The question of how would I explain the Donald Trump Presidency to a British person appeared in my social media feed.
As it happens, I actually did try to explain the Trump phenomenon, except in 2016. I was with my wife on a trip to Dublin. I was sitting on a bench in Saint Stephens’ Green, reading a copy of the Irish Times. Apparently, this is a customary invitation for someone to sit down and start a conversation on the state of things. Evidently, my manner made me out an obvious Yank. Charmingly, a fine British gentleman asked me to explain my nation’s thinking.
With two and a half years of perspective, this would be my explanation today:
I’d say that the “status quo” school of American politicians are incompetent and self-serving. They make lots of mistakes, for which there are no consequences (for them). If I mucked up my job that badly, I’d pay, somehow, some way, like anybody else would. The Brit would nod knowingly (Brexit).
I’d say: the system the politicians preside over is captured by insiders. The system is extremely non-adaptive: we have been in various wars for three quarters of a generation, costing 8 trillion dollars, and our war-making policies are not only ineffectual, they are completely incoherent (invade for Democracy, but support autocratic Monarchy). We seem unable to stop.
I’d say: The financial system is also captured by insiders (I was specifically asked about the finance system). The system was brought down by the nexus of politician/lobbyist/banker (housing loans). Insiders took very little by way of losses, they even, incredibly, handed out generous bonuses after the bailouts. The bailed-out institutions were all generous “contributors” to the politicians that regulate them (if the Englishman asked me how to distinguish that from pure bribery, I’d be at a complete loss). The financial industry collects the winnings when things go right, and shovels the pile of toxic dookie-debt over to the taxpayer when things go wrong, and calls that ‘capitalism.’ The inherently corrupt nexus was extended, the “too big to fail” institutions are bigger than ever before (because who would risk doing business with an “outsider?”). All of the government’s experts on the financial industry were from the revolving door of insider/lobbyist/banker.
I’d say: though the political status quo has created a huge mess, everything we do to fix it seems to just make the mess worse and worse. Trump’s rise was a symptom of that problem. Electing him seems to, also, have made things worse. If I spoke to him of political decorum and dignity he’d laugh me out of the park (Boris Johnson, the UK’s Tweedledum to Trump’s Tweedldee).
I’d say: it’s not as if any of this came like a bolt from the blue. The works of our political class have been reviled for more than a generation. Political institutions are about the most hated in the nation, yet somehow their incumbency is 80–90%. Something is structurally wrong. The Englishman would nod knowingly.
He’d reply: I know just what you mean. We built an EU with a commonly held credit card, but individual nations are responsible for paying it. Our experts built a system so unstable that a nation representing 2% of the whole (Greece) can threaten to bring everyone down (more than once!). It was a terrible scheme, popular in none of the countries living under it, but our attempts to fix it only seem to make things worse (Brexit). Once in the EU, there seems no safe way to go back (“a strong argument for not going in,” the paramedic in me would interject).

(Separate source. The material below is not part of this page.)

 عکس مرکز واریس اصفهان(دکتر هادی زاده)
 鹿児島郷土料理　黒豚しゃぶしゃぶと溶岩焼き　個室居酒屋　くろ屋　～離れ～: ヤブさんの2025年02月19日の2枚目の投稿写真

He’d say: All across the EU, economic growth is close to moribund. Politicians mouth promises of a better economy which never bear fruit, and we are losing faith, because none of the thousands of politicians who have come and gone ever promised a dead economy. Italy has not had any growth, at all, in a decade. They also turned to outsiders to fix things (who have done no worse than the experts). Actual clowns, in Italy’s case.

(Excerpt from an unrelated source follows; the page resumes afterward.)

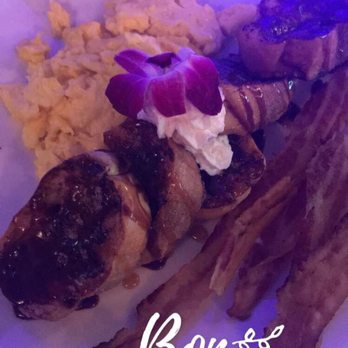 Fresco's Cantina - Churro French toast!! - Mexican Near Me - Astoria, New York Fresco's Cantina - Churro French toast!! - Mexican Near Me - Astoria, New York
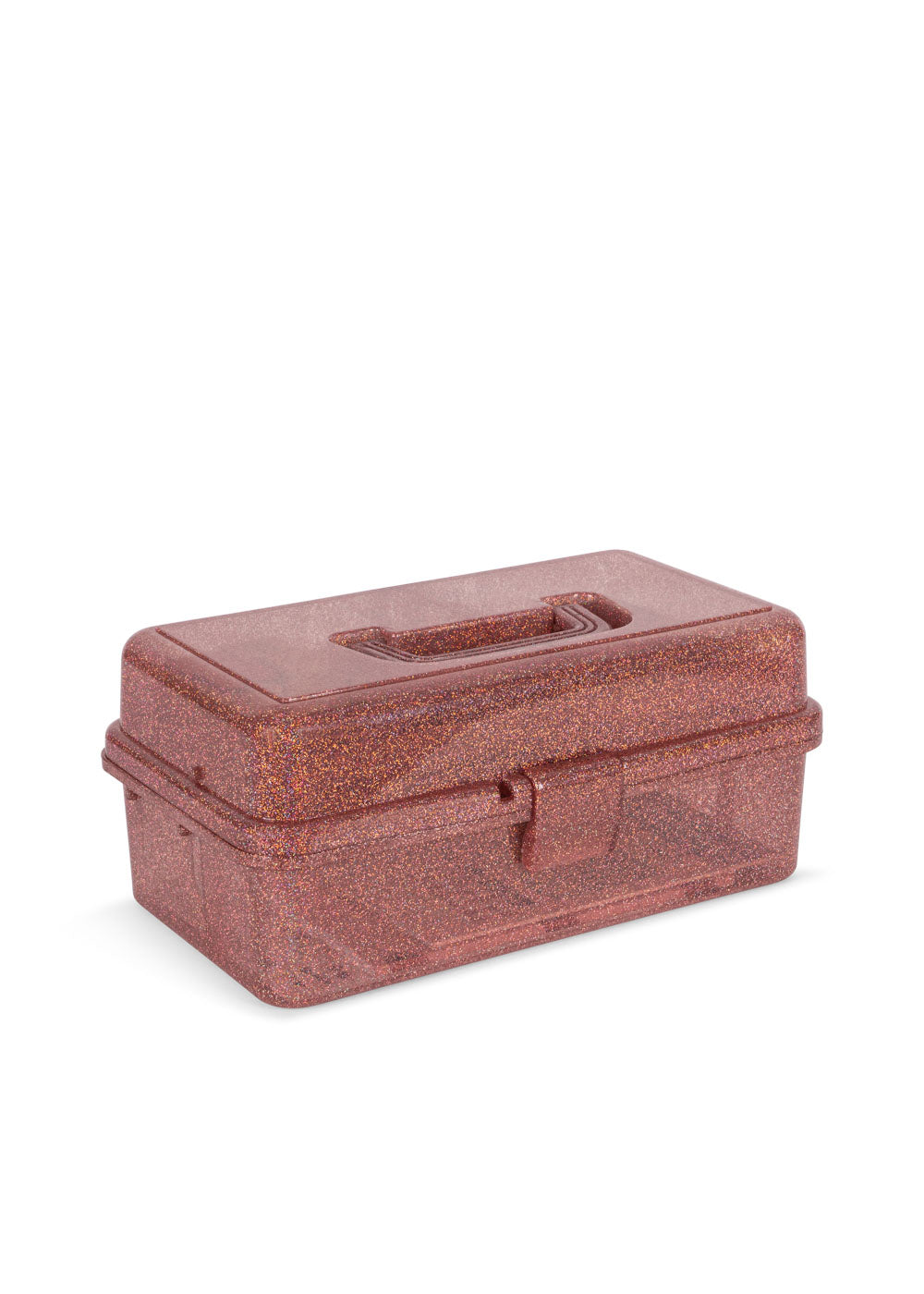 Konges Slojd - Creative Art Caddy - Glitter Rose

He’d say: all of our political institutions too tightly control the very narrow set of choices and latitude we are allowed to fix things, so it’s hard to reach inside the system to make changes. Politicians don’t have incentive to make changes because when it all goes to rot, it doesn’t effect them.
I’d say that the pinched options are not a symptom, but the disease itself : what would happen, in medicine say, if a doctor had to get permission for a new approach from two hundred politicians a hundred miles away? I’d say we need a process of incremental, non-violent, evolutionarily stable adaptation, without overloading him by calling it “libertarianism” (because then he’d leave, saying: “nutter, wants heroin sold in convenience stores”).
By then we’d be at the bar, in our cups, everyone singing the three centuries old song of the Anglophones: “Up the Enlightenment! Down the Rulers! Raise a glass to freedom!”